## About this task
The task calls for every entry to be printed word for word, without the images.

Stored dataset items
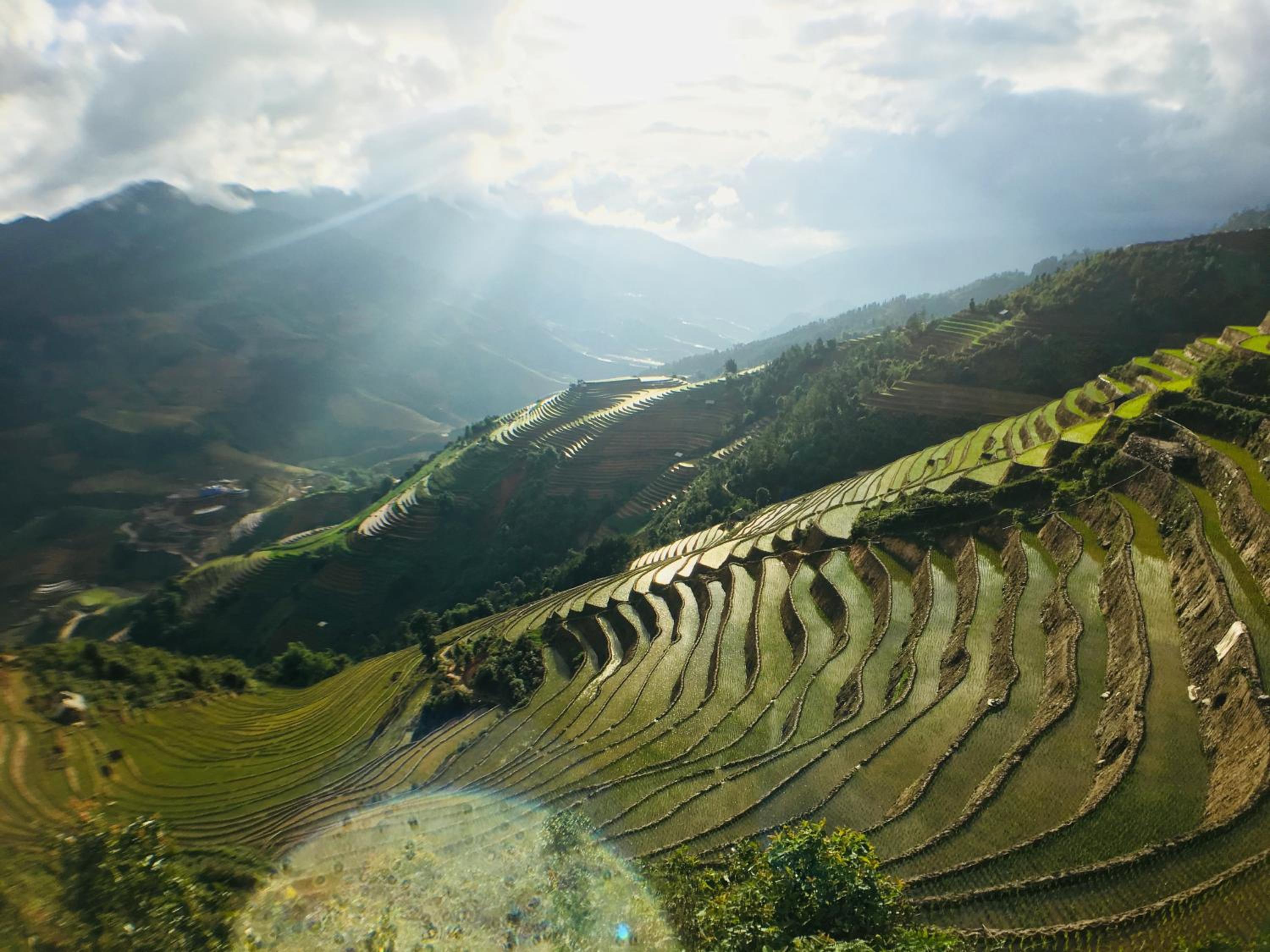 Hello Mu Cang Chai Homestay & Tours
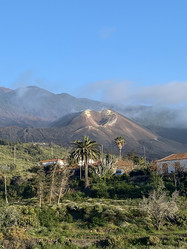 Similar image 21445706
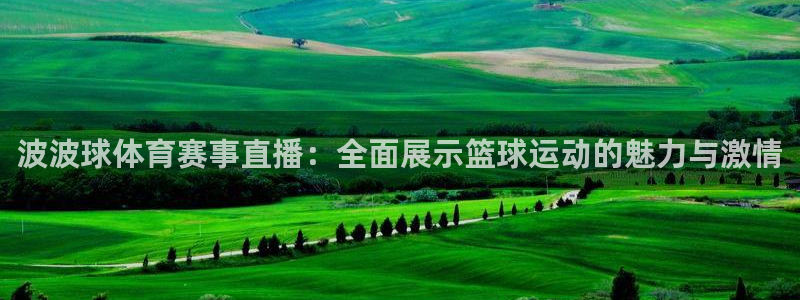 波波球体育赛事直播：全面展示篮球运动的魅力与激情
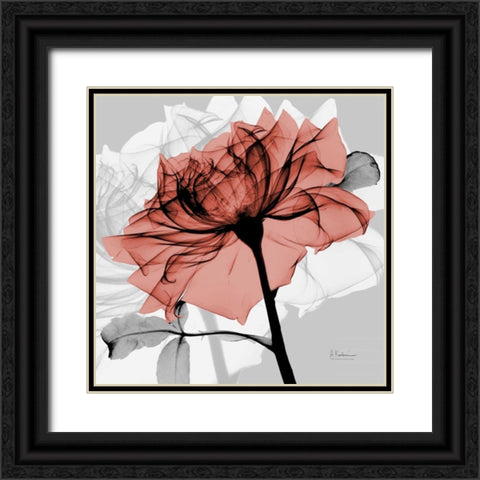 Rose on Gray 2 Black Ornate Wood Framed Art Print with Double Matting by Koetsier, Albert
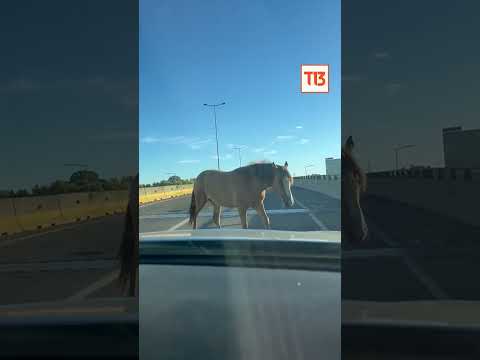 Captan a caballos transitando en plena autopista en Concepción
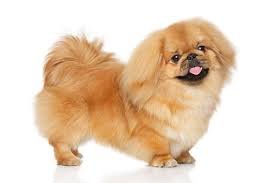 Excellent gift for 3 month old Pekingese Highland puppies, - 0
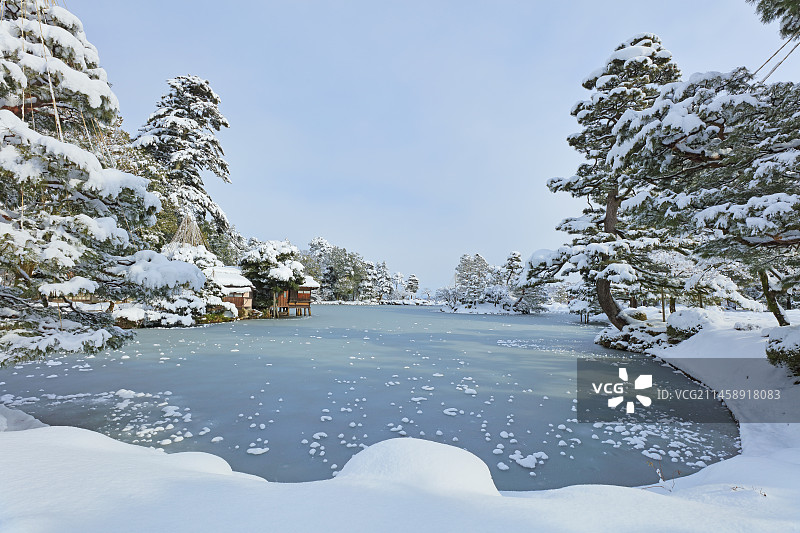 冬季日本金泽兼六园的雪景图片素材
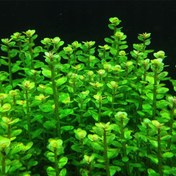 تصویر گیاه آبزی آمانیا (روتالا) بن سای 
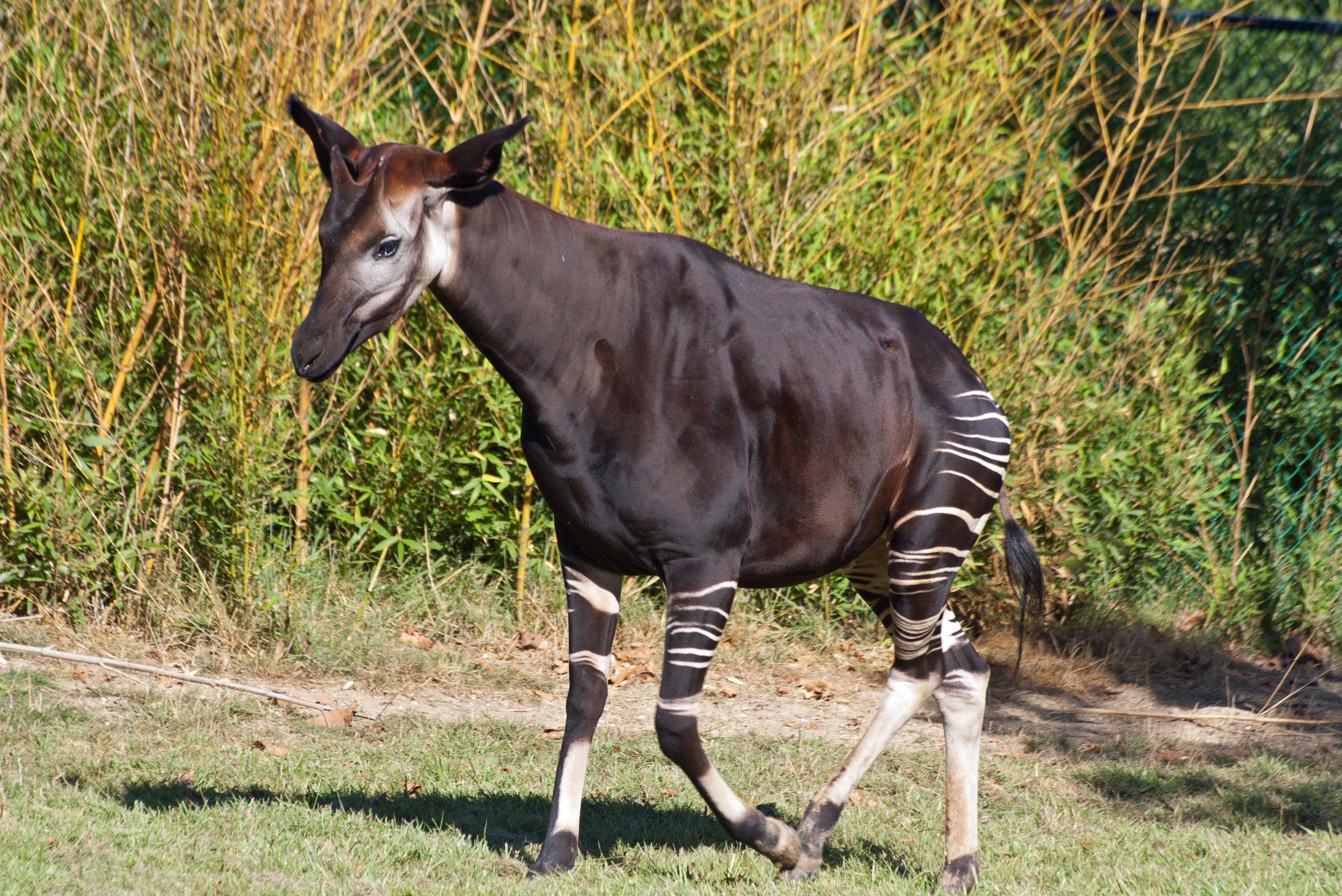 saint-aignan-loir-et-cher-okapi.jpg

## Expected answer
 Hello Mu Cang Chai Homestay & Tours
 Similar image 21445706
 波波球体育赛事直播：全面展示篮球运动的魅力与激情
 Rose on Gray 2 Black Ornate Wood Framed Art Print with Double Matting by Koetsier, Albert
 Captan a caballos transitando en plena autopista en Concepción
 Excellent gift for 3 month old Pekingese Highland puppies, - 0
 冬季日本金泽兼六园的雪景图片素材
 تصویر گیاه آبزی آمانیا (روتالا) بن سای 
 saint-aignan-loir-et-cher-okapi.jpg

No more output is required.